Aim of the task: An exact copy of all the data below is needed, without its pictures.

Dataset entries:
- Opening Delimiter -

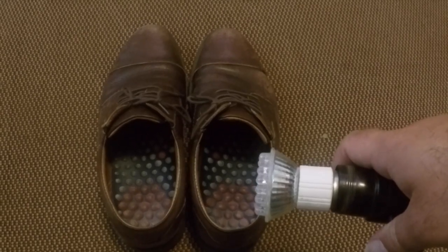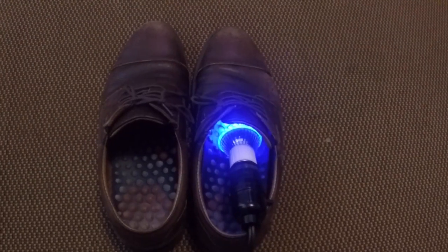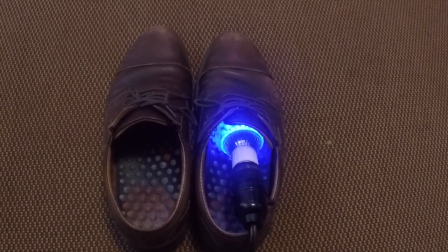Sometimes it's more on the purple scope, but it's all within the same wavelengths — something that destroys bacteria, viruses, and smells. So all you have to do is get a blue LED light and stick it into your stinky sneaker. Within 15 minutes, your shoes will already have a much better scent.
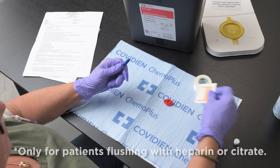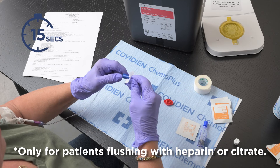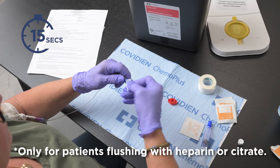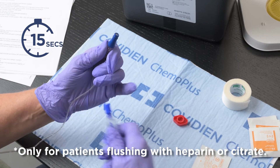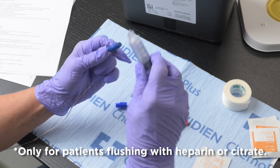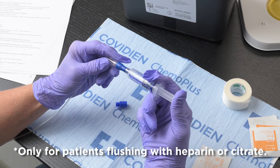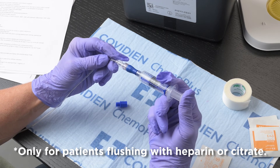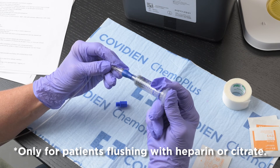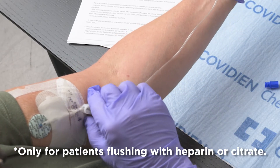Some patients only need to flush with saline. If you have orders to flush with heparin or citrate, scrub the blue end cap again with an alcohol pad for a full 15 seconds and allow to dry. Remove the protective cap from the syringe and remove any air. Twist the pre-filled syringe to the blue end cap and flush. Close the clamp on your line.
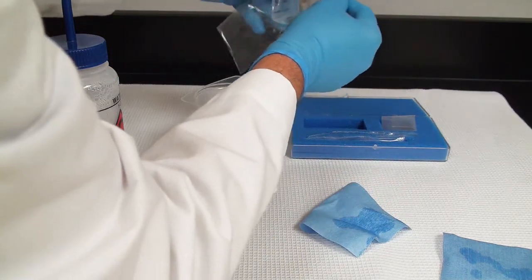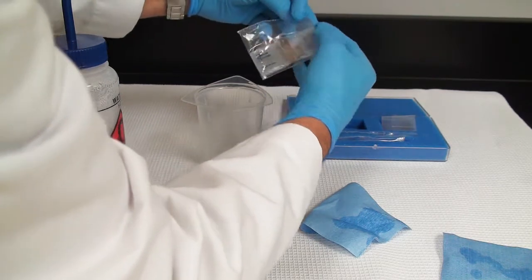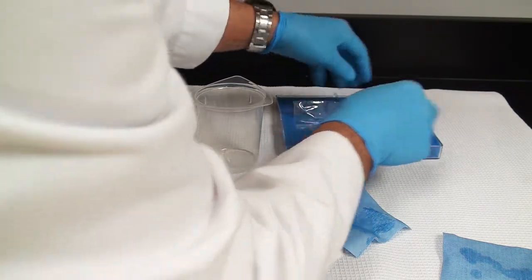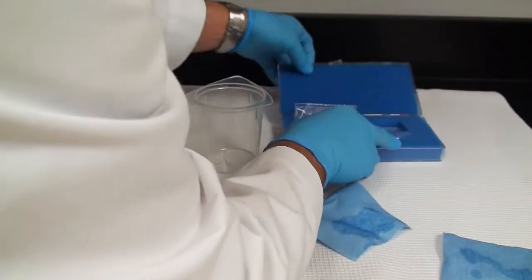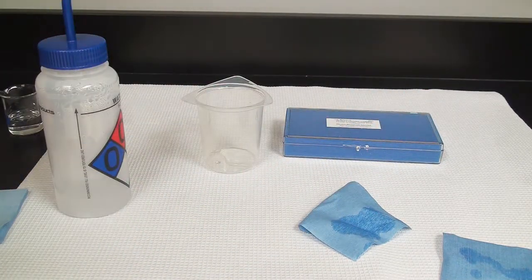Put things away — it always makes it nicer so that when you use it next time, you don't have to worry whether it was cleaned correctly. After putting everything away, I can do my calculations to determine the concentration of yeast cells per ml.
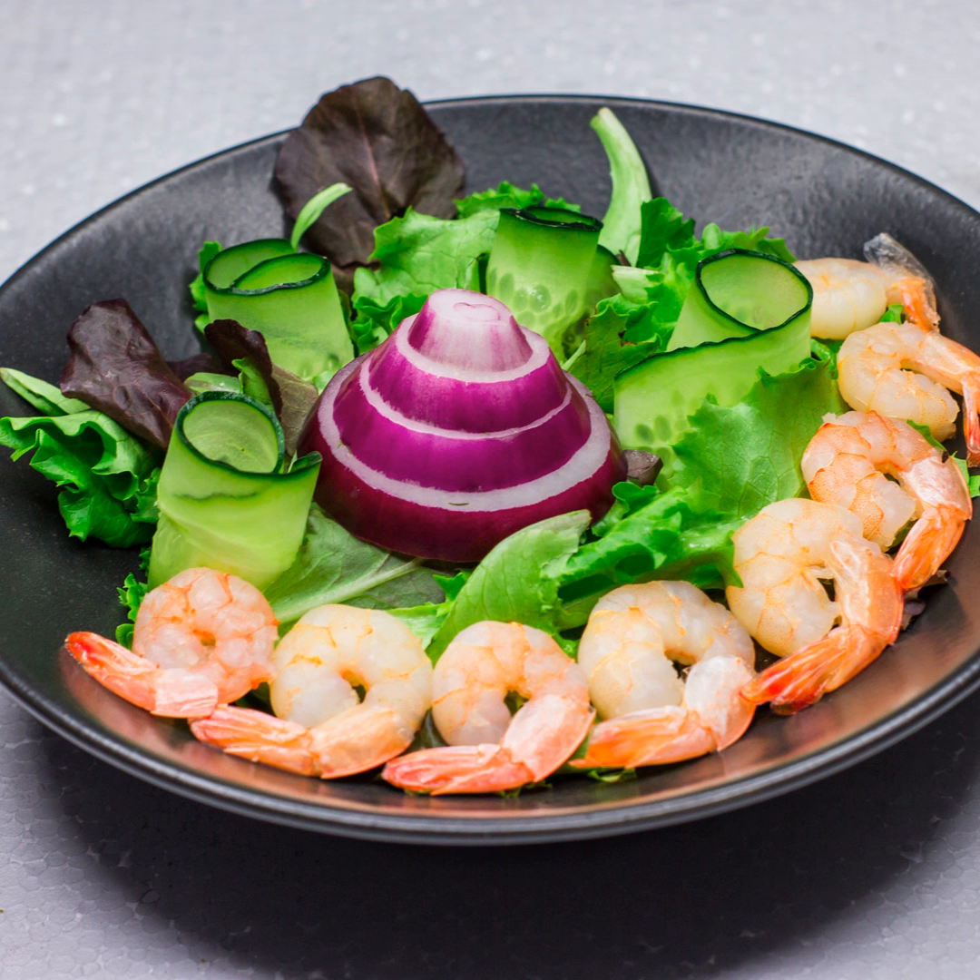Now, let's talk about why shrimp scampi is a secret weapon in your weight loss arsenal. It all comes down to our star ingredient: shrimp. These little gems are a lean protein powerhouse. And as we all know, protein is your best friend when you're on a mission to shed pounds. Not only does it keep you feeling full, but it also cranks up the calorie burning process in your body.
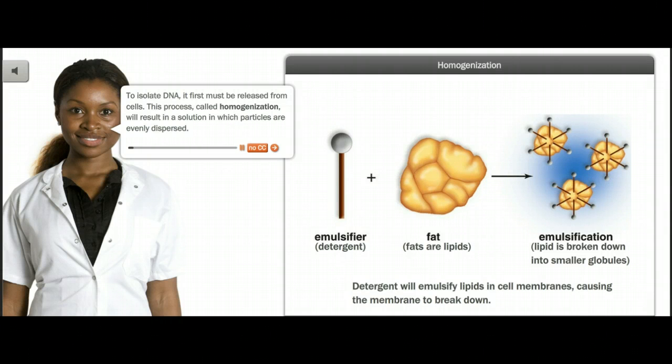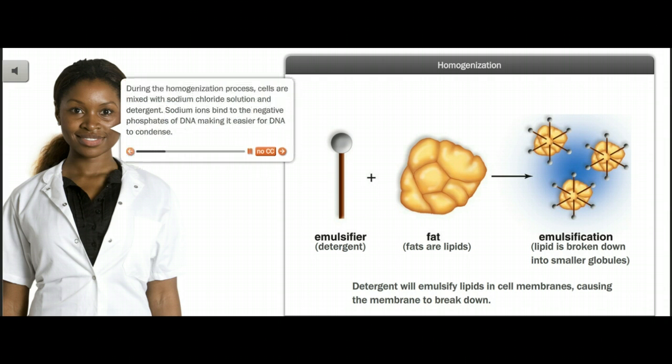To isolate DNA, it first must be released from cells. This process, called homogenization, will result in a solution in which particles are evenly dispersed. During the homogenization process, cells are mixed with sodium chloride solution and detergent. Sodium ions bind to the negative phosphates of DNA, making it easier for DNA to condense.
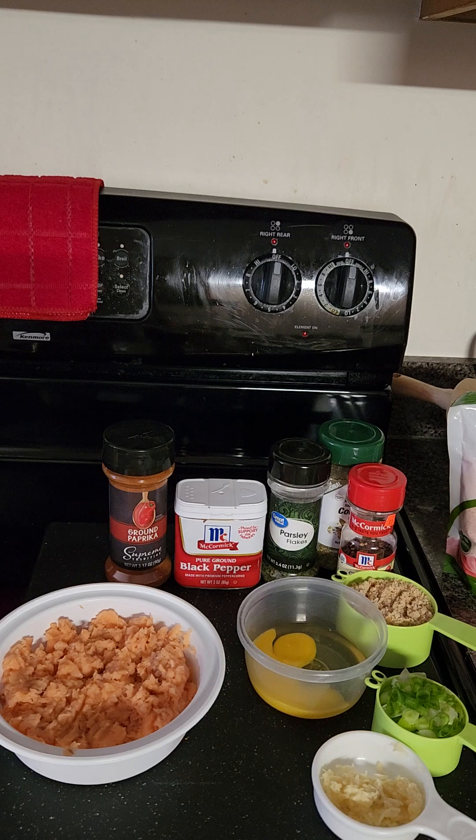Welcome back to my kitchen. Today I'm making delicious healthy salmon balls. Before I go into the ingredients, I'd like to talk a little bit about the benefits of salmon. We know that salmon is loaded with protein, healthy fat, and various vitamins and minerals. Omega-3 fatty acids are found in salmon, and omega-3 is beneficial for heart health.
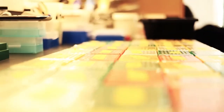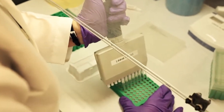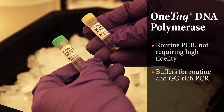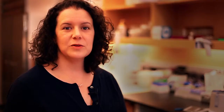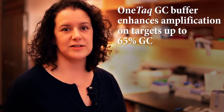At NEB, we have performed thousands of PCR experiments using various additives and additive blends to determine the best conditions for use with GC-rich PCR. For applications not requiring a high-fidelity enzyme, we recommend Taq DNA polymerase, which comes with two buffers: one for standard PCR and one for use with GC-rich targets. The Taq GC buffer enhances amplification of targets up to approximately 65% GC.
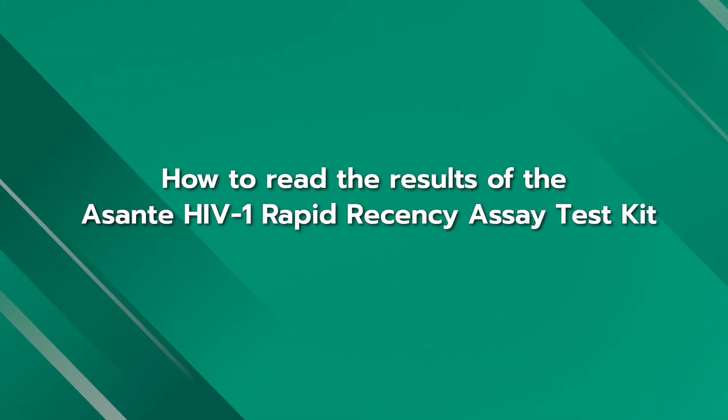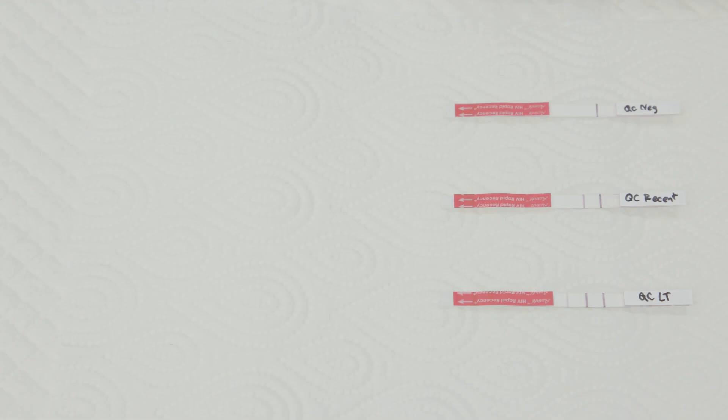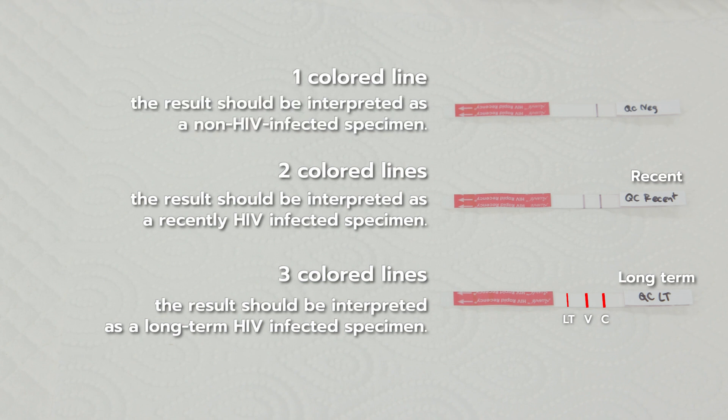How to read the result of the Asante HIV-1 Rapid Recency Assay Test Kit: If there are three color lines on the control C line, the verification V line, and the long-term LT line, the test result is interpreted as a long-term HIV infected specimen. If there are two color lines on the control C line and the verification V line, the test result is interpreted as a recently HIV infected specimen. If there is one color line on only the control C line, the result is interpreted as a non-HIV infected specimen.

- Closing Delimiter -

Task output:
Sometimes it's more on the purple scope, but it's all within the same wavelengths — something that destroys bacteria, viruses, and smells. So all you have to do is get a blue LED light and stick it into your stinky sneaker. Within 15 minutes, your shoes will already have a much better scent.
Some patients only need to flush with saline. If you have orders to flush with heparin or citrate, scrub the blue end cap again with an alcohol pad for a full 15 seconds and allow to dry. Remove the protective cap from the syringe and remove any air. Twist the pre-filled syringe to the blue end cap and flush. Close the clamp on your line.
Put things away — it always makes it nicer so that when you use it next time, you don't have to worry whether it was cleaned correctly. After putting everything away, I can do my calculations to determine the concentration of yeast cells per ml.
Now, let's talk about why shrimp scampi is a secret weapon in your weight loss arsenal. It all comes down to our star ingredient: shrimp. These little gems are a lean protein powerhouse. And as we all know, protein is your best friend when you're on a mission to shed pounds. Not only does it keep you feeling full, but it also cranks up the calorie burning process in your body.
To isolate DNA, it first must be released from cells. This process, called homogenization, will result in a solution in which particles are evenly dispersed. During the homogenization process, cells are mixed with sodium chloride solution and detergent. Sodium ions bind to the negative phosphates of DNA, making it easier for DNA to condense.
Welcome back to my kitchen. Today I'm making delicious healthy salmon balls. Before I go into the ingredients, I'd like to talk a little bit about the benefits of salmon. We know that salmon is loaded with protein, healthy fat, and various vitamins and minerals. Omega-3 fatty acids are found in salmon, and omega-3 is beneficial for heart health.
At NEB, we have performed thousands of PCR experiments using various additives and additive blends to determine the best conditions for use with GC-rich PCR. For applications not requiring a high-fidelity enzyme, we recommend Taq DNA polymerase, which comes with two buffers: one for standard PCR and one for use with GC-rich targets. The Taq GC buffer enhances amplification of targets up to approximately 65% GC.
How to read the result of the Asante HIV-1 Rapid Recency Assay Test Kit: If there are three color lines on the control C line, the verification V line, and the long-term LT line, the test result is interpreted as a long-term HIV infected specimen. If there are two color lines on the control C line and the verification V line, the test result is interpreted as a recently HIV infected specimen. If there is one color line on only the control C line, the result is interpreted as a non-HIV infected specimen.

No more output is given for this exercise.